**TASK DETAILS:** Once you find the line with "Capitalprimex.Limited" in the data below, transcribe exactly each line from there to the line with "Forkom IJK Jateng", inclusive, and nothing else. Drop the pictures.

**INFORMATION:**
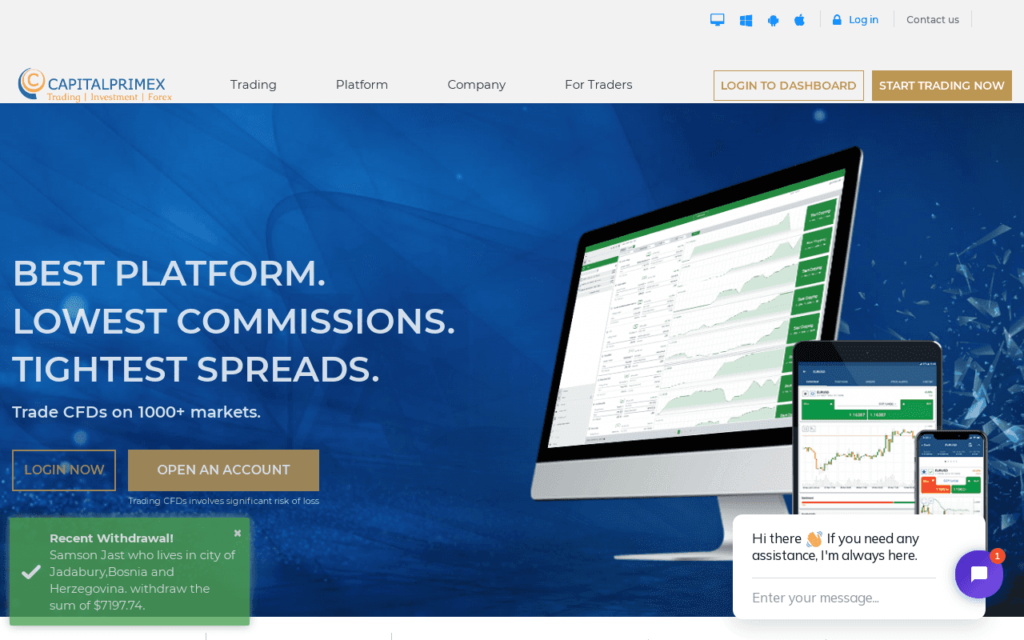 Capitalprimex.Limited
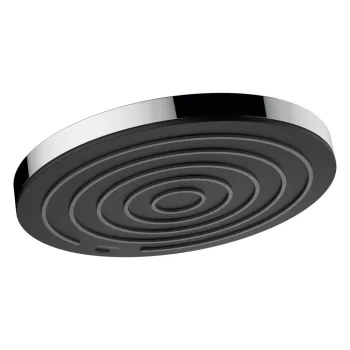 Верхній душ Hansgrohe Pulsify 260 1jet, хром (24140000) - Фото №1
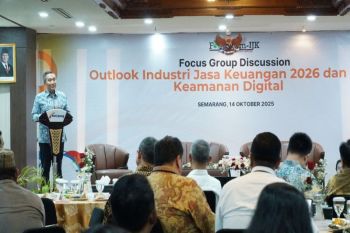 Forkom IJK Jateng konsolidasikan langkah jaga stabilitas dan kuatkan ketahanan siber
* * *
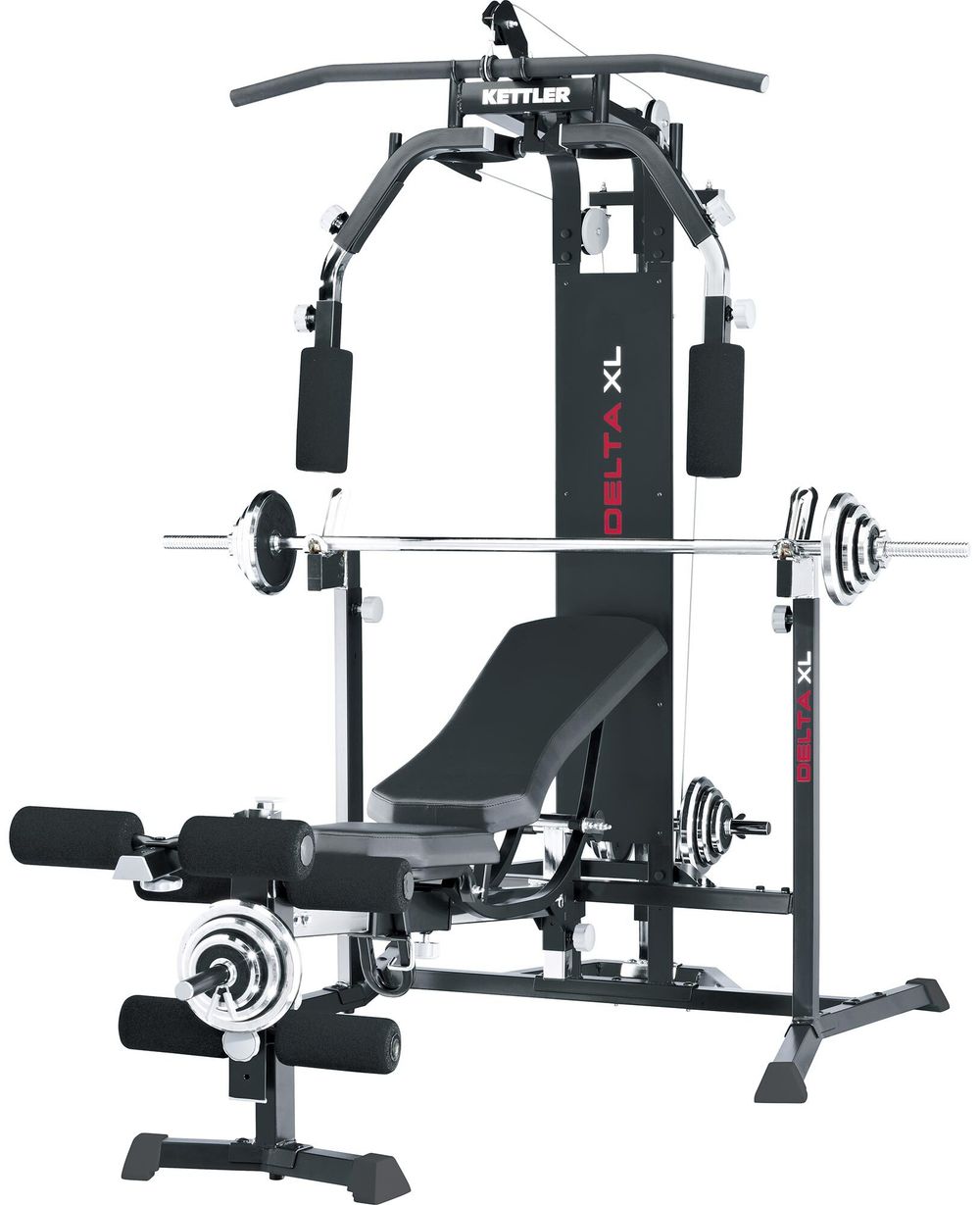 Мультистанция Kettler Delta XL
...
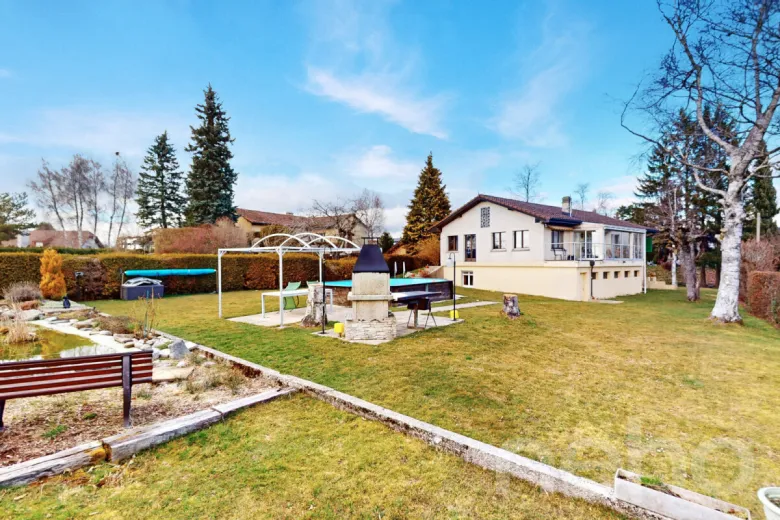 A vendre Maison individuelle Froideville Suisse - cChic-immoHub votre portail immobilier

**REPLY:**
 Capitalprimex.Limited
 Верхній душ Hansgrohe Pulsify 260 1jet, хром (24140000) - Фото №1
 Forkom IJK Jateng konsolidasikan langkah jaga stabilitas dan kuatkan ketahanan siber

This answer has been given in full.